2009-2010 Food Colours Used in the Production of Manufactured Foods
The Food Safety Action Plan (FSAP) aims to modernize and enhance Canada's food safety system. As part of the FSAP enhanced surveillance initiative, targeted surveys are used to test various foods for specific hazards.
The main objectives of the food colours survey were:
- To provide baseline surveillance data for synthetic colouring agents in food
- To validate an analytical method for detecting fat-soluble food colouring agents
This survey looked to quantify food colouring agents intentionally added to products, not food colours that were naturally occurring in a commodity. One hundred samples were collected and each sample was analyzed for 194 water-soluble and 18 fat-soluble food colours. No fat soluble colours were detected using the newly validated analytical method; all residues detected were water soluble. Overall, 59% of samples did not contain detectable levels of food colours. Of the remaining 41%, 34 samples contained permitted colours below maximum levels established by the Food and Drugs Act & Regulations and seven samples contained levels of colours that were above the permissible levels and therefore were in violation.

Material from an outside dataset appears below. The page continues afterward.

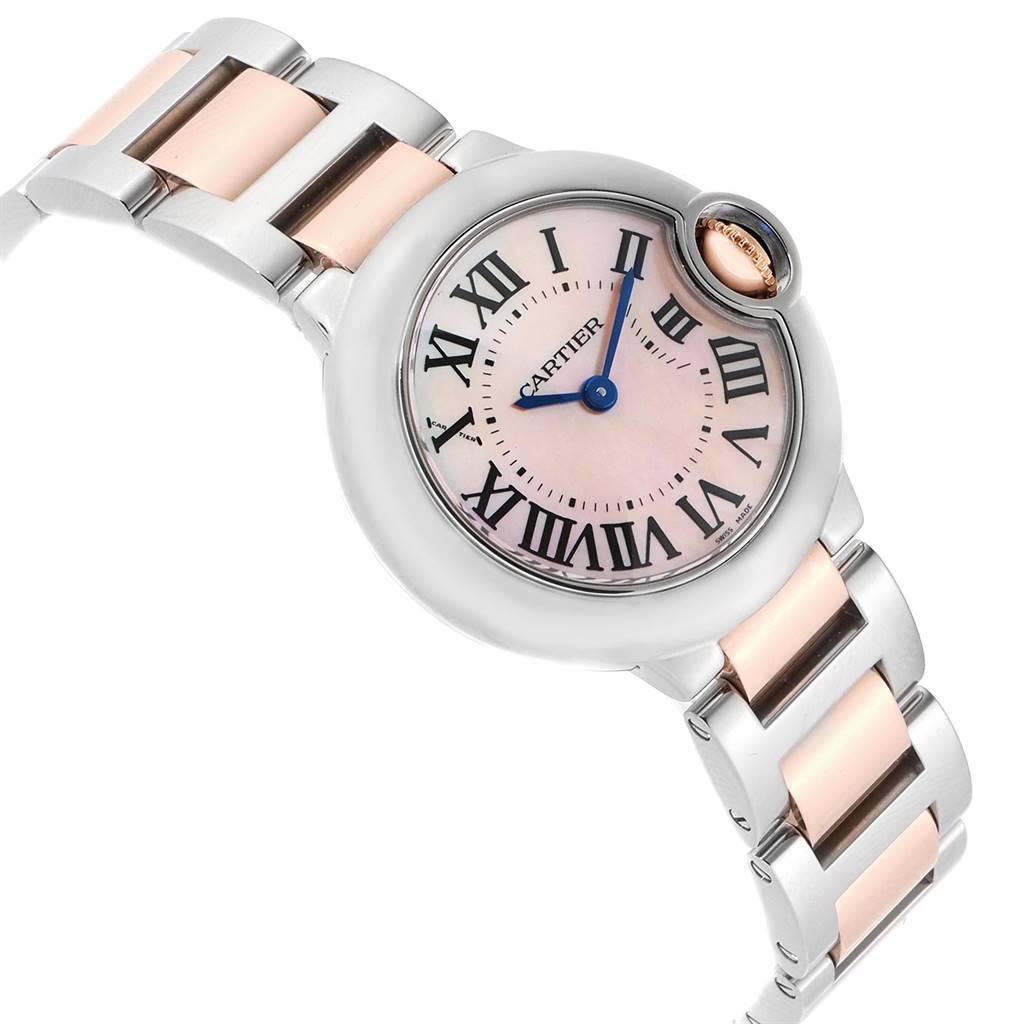 Cartier Ballon Bleu Rose Gold Steel Mother of Pearl Ladies Watch W6920034  For Sale at 1stDibs | cartier ballon bleu mother of pearl face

Of the seven violative samples, four samples contained permitted food colours above maximum levels: chicken tandoori seasoning (USA), lumpfish (USA), horseradish with beets (Canada), and cheddar cheese (Canada). Two samples were in violation due to the presence of non-permitted food colours: almond paste (Belgium) and curing powder (Thailand). The last violative sample, dried papaya (Canada), contained both a permitted colour at levels exceeding regulations and a non-permitted food colour. Appropriate follow up actions were taken for each violative sample.
Many samples contained multiple food colours. Accounting for 93% of colours found in this survey were Sunset yellow, Tartrazine, Brilliant blue, Allura red, and Amaranth. Few food colours were detected in spices & flavours. It should be re-iterated that samples were selected due to their high likelihood of containing food colouring agents, and that prevalence in the food categories selected are not necessarily representative of the prevalence of synthetic food colours in all foodstuffs available at retail. That being said, the food categories sampled for this survey with the highest prevalence of food colours were sweets & jelly, beverages, animal-based foods, and sauces & condiments.
* Curing powder is generally used as a food preservative for meat and fish.